----- RECORDS TO USE -----

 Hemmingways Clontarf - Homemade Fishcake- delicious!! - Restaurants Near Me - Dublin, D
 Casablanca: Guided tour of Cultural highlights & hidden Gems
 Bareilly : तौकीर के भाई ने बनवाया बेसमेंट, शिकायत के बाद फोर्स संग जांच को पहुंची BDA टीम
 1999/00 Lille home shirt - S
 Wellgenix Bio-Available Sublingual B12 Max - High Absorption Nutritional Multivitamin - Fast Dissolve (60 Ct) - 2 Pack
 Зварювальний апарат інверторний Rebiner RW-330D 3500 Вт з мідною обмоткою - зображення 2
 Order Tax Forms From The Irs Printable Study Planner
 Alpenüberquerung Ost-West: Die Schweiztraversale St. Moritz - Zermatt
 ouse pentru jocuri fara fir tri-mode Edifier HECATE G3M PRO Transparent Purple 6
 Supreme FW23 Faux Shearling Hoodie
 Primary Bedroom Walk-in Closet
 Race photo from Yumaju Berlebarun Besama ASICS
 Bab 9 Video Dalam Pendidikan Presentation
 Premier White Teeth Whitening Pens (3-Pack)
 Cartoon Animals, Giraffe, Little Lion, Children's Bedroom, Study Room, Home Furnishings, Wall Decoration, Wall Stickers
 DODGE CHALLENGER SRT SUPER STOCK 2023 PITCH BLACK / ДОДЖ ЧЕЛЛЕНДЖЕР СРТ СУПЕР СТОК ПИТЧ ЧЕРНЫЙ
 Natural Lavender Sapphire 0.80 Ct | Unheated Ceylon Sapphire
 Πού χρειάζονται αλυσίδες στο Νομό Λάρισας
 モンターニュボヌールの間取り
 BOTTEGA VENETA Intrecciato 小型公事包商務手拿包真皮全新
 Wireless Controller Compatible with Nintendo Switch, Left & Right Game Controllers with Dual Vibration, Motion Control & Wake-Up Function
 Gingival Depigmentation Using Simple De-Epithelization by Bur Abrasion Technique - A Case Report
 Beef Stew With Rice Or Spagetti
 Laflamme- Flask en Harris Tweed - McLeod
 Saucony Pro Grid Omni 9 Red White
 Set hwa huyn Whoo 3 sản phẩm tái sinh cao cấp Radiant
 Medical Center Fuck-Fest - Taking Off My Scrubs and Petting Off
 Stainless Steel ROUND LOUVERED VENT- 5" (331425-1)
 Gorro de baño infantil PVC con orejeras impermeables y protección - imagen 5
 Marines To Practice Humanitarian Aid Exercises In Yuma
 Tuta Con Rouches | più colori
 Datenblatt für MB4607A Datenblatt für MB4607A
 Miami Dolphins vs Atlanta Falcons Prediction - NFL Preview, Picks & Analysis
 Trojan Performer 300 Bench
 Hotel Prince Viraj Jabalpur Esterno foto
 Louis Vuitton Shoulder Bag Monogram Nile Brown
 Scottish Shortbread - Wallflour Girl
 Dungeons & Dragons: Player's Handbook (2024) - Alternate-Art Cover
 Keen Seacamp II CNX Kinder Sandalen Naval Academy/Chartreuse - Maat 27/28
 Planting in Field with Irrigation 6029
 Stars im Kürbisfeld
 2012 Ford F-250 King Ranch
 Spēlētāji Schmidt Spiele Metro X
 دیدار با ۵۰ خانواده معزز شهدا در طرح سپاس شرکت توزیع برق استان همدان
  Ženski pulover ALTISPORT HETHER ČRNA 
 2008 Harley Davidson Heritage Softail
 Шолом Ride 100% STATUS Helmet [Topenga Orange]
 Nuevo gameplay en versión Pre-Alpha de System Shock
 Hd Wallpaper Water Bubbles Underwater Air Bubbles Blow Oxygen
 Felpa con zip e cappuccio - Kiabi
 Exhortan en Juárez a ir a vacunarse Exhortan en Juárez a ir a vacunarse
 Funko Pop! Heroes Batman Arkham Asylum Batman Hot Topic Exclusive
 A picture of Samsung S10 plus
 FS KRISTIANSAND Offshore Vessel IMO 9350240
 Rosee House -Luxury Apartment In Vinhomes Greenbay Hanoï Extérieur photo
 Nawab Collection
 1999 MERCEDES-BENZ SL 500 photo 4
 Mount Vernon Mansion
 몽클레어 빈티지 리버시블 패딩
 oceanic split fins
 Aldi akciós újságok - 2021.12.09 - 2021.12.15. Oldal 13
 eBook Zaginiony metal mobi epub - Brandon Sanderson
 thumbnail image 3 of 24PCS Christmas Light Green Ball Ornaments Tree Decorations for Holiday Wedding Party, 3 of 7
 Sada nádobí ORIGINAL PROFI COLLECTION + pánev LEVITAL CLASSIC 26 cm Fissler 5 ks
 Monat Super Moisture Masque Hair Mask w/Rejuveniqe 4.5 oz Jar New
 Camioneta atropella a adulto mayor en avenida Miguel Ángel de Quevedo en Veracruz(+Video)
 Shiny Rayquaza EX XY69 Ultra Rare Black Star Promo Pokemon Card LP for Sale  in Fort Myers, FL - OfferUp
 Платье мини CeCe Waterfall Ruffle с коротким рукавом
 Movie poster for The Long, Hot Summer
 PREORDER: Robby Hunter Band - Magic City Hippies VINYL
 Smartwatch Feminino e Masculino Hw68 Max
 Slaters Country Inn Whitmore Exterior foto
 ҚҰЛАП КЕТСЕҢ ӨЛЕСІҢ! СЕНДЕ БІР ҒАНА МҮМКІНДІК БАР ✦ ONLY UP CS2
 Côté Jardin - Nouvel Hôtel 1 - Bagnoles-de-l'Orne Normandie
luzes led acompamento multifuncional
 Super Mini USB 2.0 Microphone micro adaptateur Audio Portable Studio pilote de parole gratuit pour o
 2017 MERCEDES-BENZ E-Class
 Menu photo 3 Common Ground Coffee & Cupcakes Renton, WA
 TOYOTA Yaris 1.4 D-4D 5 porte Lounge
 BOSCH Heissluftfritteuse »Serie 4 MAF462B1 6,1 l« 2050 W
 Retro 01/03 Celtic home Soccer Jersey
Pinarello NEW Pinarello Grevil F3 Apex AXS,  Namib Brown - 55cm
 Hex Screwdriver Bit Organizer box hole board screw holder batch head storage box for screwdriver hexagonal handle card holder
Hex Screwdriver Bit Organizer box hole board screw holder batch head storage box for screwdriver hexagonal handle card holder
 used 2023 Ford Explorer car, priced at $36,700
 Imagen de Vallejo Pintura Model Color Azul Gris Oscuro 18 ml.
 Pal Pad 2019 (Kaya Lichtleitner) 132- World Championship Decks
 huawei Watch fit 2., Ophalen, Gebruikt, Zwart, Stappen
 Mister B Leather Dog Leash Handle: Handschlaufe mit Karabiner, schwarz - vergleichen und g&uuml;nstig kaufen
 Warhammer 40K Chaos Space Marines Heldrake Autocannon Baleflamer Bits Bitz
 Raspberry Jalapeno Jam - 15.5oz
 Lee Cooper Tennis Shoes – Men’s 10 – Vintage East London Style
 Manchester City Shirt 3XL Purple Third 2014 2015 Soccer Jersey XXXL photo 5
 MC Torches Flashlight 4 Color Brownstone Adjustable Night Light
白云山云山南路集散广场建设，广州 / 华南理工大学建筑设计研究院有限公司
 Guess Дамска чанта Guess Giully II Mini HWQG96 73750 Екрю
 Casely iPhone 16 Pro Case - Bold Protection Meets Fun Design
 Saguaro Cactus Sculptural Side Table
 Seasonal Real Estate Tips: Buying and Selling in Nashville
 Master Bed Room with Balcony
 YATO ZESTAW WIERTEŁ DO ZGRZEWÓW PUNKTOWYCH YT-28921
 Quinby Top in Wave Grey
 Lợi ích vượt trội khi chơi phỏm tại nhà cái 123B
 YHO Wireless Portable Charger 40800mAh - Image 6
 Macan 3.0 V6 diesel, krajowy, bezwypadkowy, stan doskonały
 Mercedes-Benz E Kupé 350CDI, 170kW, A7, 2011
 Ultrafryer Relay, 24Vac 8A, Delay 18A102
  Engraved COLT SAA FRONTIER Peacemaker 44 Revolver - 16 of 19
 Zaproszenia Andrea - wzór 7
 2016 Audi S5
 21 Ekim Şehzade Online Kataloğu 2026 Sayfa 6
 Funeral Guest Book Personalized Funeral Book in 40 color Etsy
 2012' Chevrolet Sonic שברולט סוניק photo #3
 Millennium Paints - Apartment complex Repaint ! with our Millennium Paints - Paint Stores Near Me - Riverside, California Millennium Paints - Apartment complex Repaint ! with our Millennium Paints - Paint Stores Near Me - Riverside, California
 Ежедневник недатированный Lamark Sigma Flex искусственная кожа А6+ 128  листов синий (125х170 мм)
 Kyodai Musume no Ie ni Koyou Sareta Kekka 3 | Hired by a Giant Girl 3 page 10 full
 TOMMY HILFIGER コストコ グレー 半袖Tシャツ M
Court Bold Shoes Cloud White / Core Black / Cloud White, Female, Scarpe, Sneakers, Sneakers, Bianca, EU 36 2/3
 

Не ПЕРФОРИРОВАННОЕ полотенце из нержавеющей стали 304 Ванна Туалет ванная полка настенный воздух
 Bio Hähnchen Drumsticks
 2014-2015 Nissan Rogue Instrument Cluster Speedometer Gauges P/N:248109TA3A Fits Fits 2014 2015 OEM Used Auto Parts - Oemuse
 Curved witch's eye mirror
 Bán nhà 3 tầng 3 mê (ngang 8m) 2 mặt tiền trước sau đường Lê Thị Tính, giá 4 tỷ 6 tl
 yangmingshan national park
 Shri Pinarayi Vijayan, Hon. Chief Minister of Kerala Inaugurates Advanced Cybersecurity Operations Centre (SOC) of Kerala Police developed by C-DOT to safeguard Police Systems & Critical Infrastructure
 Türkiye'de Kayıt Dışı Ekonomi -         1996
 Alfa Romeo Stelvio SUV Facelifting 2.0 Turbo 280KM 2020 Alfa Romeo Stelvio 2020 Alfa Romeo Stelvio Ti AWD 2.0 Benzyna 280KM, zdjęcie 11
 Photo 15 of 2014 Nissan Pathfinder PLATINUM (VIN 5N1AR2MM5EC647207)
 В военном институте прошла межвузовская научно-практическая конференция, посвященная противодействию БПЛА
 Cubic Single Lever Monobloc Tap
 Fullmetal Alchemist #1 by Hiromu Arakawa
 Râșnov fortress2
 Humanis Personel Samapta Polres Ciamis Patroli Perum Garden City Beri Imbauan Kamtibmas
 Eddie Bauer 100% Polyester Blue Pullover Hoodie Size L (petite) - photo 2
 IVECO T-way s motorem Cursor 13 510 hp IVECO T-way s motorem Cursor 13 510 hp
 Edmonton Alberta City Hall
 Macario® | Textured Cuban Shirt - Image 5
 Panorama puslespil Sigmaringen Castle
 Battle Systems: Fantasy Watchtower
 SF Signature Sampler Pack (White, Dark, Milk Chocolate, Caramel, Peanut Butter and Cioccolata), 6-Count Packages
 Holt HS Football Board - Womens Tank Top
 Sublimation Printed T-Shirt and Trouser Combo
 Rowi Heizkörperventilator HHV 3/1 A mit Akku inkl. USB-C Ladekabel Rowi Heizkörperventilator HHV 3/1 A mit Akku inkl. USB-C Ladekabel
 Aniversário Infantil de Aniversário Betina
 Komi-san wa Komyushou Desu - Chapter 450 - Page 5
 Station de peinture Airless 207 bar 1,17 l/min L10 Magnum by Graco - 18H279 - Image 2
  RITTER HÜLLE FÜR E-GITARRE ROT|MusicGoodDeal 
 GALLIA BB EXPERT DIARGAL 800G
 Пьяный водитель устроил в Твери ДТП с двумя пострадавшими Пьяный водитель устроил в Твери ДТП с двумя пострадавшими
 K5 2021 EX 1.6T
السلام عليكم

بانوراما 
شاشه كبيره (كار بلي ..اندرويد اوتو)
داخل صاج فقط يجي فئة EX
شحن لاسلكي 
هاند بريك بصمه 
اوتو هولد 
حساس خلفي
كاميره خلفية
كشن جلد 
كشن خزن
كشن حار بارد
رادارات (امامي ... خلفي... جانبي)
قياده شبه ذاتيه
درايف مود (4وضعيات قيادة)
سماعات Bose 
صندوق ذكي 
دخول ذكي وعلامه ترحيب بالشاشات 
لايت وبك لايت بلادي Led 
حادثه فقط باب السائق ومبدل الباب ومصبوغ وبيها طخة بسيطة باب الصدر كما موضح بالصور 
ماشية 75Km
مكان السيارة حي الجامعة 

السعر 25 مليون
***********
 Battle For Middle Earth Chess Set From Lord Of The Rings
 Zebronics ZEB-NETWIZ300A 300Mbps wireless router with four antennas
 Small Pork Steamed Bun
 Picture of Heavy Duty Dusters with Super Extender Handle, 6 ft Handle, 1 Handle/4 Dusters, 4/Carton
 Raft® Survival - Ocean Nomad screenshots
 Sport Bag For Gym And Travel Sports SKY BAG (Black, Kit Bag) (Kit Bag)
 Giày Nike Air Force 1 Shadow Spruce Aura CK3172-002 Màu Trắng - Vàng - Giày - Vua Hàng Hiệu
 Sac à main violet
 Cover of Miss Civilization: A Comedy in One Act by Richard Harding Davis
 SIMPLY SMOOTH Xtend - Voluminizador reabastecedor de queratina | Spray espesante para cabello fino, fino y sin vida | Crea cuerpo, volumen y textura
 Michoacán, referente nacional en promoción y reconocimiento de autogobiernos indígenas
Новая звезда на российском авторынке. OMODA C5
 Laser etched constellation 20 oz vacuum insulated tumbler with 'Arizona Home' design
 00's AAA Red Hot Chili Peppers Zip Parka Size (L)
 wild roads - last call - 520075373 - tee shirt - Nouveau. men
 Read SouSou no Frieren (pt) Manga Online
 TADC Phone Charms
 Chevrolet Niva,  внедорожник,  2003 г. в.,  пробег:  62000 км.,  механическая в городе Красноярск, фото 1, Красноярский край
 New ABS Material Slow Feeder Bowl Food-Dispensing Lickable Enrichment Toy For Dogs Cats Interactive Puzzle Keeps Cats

-----

— YOUR OBJECTIVE —
The required answer is the run of lines above, starting at the line with "Battle For Middle" and ending at the line with "TADC Phone Charms", reproduced exactly with both ends.

— ANSWER SECTION —
 Battle For Middle Earth Chess Set From Lord Of The Rings
 Zebronics ZEB-NETWIZ300A 300Mbps wireless router with four antennas
 Small Pork Steamed Bun
 Picture of Heavy Duty Dusters with Super Extender Handle, 6 ft Handle, 1 Handle/4 Dusters, 4/Carton
 Raft® Survival - Ocean Nomad screenshots
 Sport Bag For Gym And Travel Sports SKY BAG (Black, Kit Bag) (Kit Bag)
 Giày Nike Air Force 1 Shadow Spruce Aura CK3172-002 Màu Trắng - Vàng - Giày - Vua Hàng Hiệu
 Sac à main violet
 Cover of Miss Civilization: A Comedy in One Act by Richard Harding Davis
 SIMPLY SMOOTH Xtend - Voluminizador reabastecedor de queratina | Spray espesante para cabello fino, fino y sin vida | Crea cuerpo, volumen y textura
 Michoacán, referente nacional en promoción y reconocimiento de autogobiernos indígenas
Новая звезда на российском авторынке. OMODA C5
 Laser etched constellation 20 oz vacuum insulated tumbler with 'Arizona Home' design
 00's AAA Red Hot Chili Peppers Zip Parka Size (L)
 wild roads - last call - 520075373 - tee shirt - Nouveau. men
 Read SouSou no Frieren (pt) Manga Online
 TADC Phone Charms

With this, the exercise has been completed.